# POET and SQ in 2007



## gazingatmars (21 Dec 2006)

I recently finished BMQ in Borden and was wondering if anyone KNOWS when POET course starts up in Kingston.  I'm getting some conflicting information.  Some say every few weeks, others say twice a year, and everything in between. Anyone know any firm start dates for POET in the upcoming months? Ditto for SQ... and where's the best place to take SQ?

Thanks!


----------



## MikeL (21 Dec 2006)

You don't get too choose where you do SQ, so it doesnt matter. You will be taught the same thing regardless if you do it in Meaford, Gagetown, Wainright, etc.

Most people on PRETC get sent to Meaford for SQ, an a small percentage have gone to Gagetown.  SQ courses are run all the time, so you wont be waiting to long to get on SQ.


----------



## LCIS-Tech (23 Dec 2006)

Every Two weeks. Almost (with the exception of the rare zero-load) like clock-work. Make sure you brush up on your math.


----------



## gazingatmars (23 Dec 2006)

Thanks, I appreciate the info guys!


----------



## Deleted member 17368 (5 Jan 2007)

Hey everyone,

I'm finishing my BMQ Feb 9th in Alberta. I'm ATIS Tech and i was wondering if anyone knows when the next poet course will start?

Thank You Kindly

KS
BMQ WK9


----------



## aesop081 (5 Jan 2007)

You have 15 posts here, you know enough to do a search first. Topics merged.

Regards


----------



## Wright (13 Jul 2007)

from what i understand SQ is no longer a pre-req for LCIS i know several people who just got sent to units as 227 with no SQ...
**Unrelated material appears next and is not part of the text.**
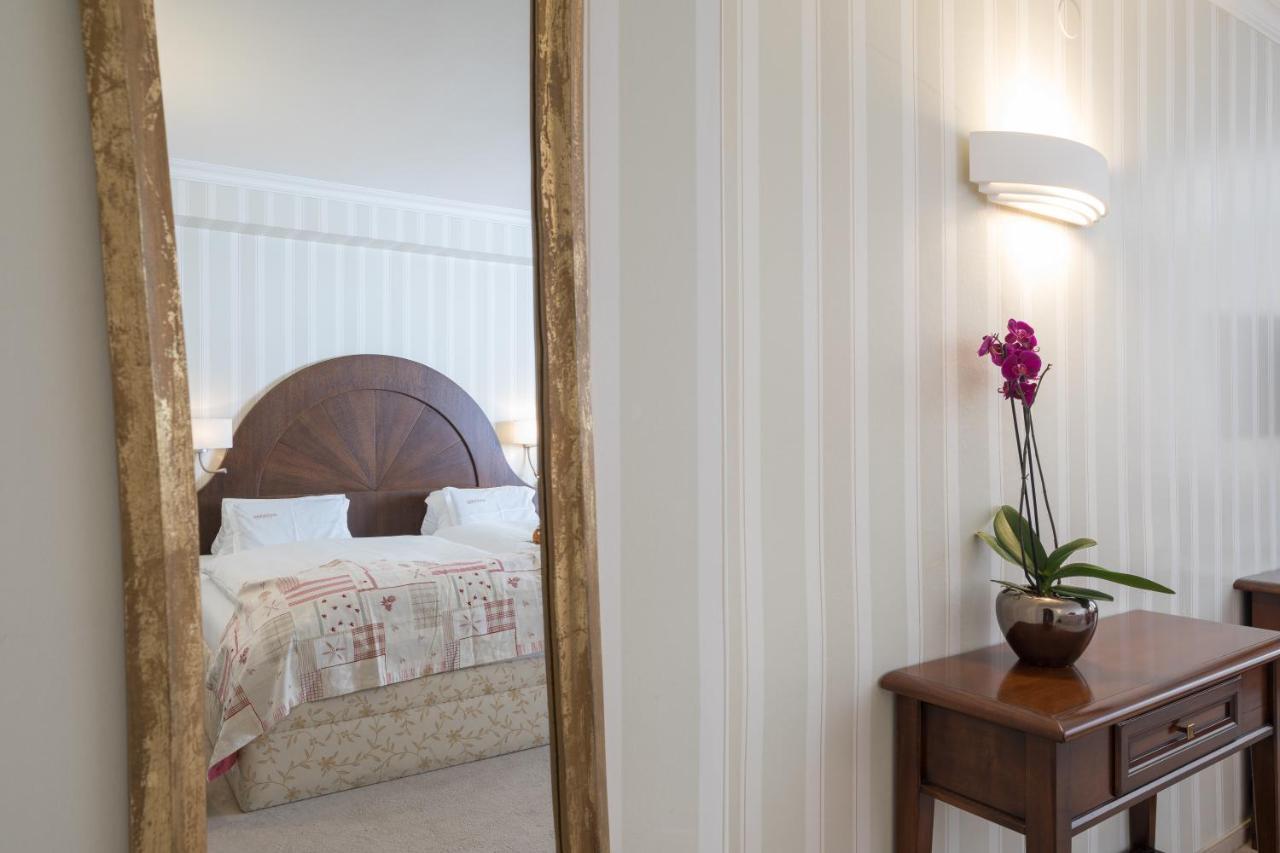 Hotel Albona Nova Zuers ภายนอก รูปภาพ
kristen is this you ??????
if it is then you  know what is going on!!!


----------



## BigDaddyFatback (29 Aug 2007)

That is true, you can do your SQ after you are posted to a Unit. All the new guys we get here at JSR have no SQ.


----------



## Wright (25 Oct 2007)

i have heard even more that people are gettin sent on more moc upgrade courses as 227 still with no SQ, and still it seems that others are gettin sent to SQ while awaiting 3's , CFSCE is a little confusing at times, i was off from april to october befoer starting my 3's after POET, doing OJT at LFDTS, people that graduated after me went and did there SQ,


----------